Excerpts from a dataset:
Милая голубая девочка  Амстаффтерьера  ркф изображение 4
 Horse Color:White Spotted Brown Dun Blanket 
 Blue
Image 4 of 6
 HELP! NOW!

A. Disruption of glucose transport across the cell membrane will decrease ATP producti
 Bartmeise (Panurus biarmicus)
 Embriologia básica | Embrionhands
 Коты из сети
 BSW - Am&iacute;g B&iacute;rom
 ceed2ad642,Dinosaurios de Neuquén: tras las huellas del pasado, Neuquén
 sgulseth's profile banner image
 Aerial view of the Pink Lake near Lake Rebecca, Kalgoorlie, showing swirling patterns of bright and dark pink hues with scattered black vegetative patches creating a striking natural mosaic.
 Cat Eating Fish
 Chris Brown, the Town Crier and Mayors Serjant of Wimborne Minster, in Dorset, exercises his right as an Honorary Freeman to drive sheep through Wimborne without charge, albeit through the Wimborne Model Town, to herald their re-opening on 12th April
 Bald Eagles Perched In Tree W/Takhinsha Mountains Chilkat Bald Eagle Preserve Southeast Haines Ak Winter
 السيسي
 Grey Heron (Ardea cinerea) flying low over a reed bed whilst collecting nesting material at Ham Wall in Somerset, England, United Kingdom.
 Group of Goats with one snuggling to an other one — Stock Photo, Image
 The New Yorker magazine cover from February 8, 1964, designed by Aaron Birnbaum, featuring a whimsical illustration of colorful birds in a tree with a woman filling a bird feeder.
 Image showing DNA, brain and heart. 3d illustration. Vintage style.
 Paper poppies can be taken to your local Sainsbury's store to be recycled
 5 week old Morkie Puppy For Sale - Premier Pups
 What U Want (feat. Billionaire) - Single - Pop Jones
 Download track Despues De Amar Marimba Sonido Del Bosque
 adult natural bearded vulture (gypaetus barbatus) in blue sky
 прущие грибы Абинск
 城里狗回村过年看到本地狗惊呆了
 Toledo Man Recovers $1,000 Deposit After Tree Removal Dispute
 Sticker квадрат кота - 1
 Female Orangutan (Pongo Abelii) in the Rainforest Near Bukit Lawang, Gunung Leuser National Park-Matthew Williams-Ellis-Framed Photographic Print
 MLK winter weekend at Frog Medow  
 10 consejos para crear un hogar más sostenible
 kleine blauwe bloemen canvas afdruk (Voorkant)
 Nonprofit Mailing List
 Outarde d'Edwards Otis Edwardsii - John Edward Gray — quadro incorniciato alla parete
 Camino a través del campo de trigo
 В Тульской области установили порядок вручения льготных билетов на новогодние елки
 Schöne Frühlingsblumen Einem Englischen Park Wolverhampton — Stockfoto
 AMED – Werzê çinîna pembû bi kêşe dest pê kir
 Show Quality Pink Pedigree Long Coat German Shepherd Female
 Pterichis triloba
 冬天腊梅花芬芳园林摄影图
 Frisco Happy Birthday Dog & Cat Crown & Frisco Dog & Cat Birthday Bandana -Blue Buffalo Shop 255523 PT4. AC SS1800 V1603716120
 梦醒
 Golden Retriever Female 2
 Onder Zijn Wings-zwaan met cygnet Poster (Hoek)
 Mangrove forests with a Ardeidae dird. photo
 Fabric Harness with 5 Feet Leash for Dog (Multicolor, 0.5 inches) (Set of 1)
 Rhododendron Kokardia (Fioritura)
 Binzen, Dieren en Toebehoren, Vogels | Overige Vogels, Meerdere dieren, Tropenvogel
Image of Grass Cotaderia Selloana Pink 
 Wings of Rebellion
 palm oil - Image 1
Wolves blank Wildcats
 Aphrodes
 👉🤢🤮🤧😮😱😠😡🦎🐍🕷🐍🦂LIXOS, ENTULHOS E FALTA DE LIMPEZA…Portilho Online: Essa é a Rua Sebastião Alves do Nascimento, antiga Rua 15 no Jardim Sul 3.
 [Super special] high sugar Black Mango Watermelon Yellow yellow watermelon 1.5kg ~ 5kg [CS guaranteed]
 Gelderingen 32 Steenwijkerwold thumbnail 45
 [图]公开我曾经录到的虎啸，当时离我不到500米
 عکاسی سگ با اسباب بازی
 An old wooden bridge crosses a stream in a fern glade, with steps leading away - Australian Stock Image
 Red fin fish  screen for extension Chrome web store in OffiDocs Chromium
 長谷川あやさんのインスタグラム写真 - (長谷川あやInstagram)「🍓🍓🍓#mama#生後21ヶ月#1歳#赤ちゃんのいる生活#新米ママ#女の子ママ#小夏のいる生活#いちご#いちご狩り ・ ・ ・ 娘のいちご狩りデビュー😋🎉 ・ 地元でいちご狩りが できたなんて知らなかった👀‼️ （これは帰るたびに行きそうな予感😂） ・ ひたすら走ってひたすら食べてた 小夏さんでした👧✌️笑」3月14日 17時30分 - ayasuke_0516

● Work required
If a line in the records has the word "Female", copy that line.

● Response below
 Female Orangutan (Pongo Abelii) in the Rainforest Near Bukit Lawang, Gunung Leuser National Park-Matthew Williams-Ellis-Framed Photographic Print
 Show Quality Pink Pedigree Long Coat German Shepherd Female
 Golden Retriever Female 2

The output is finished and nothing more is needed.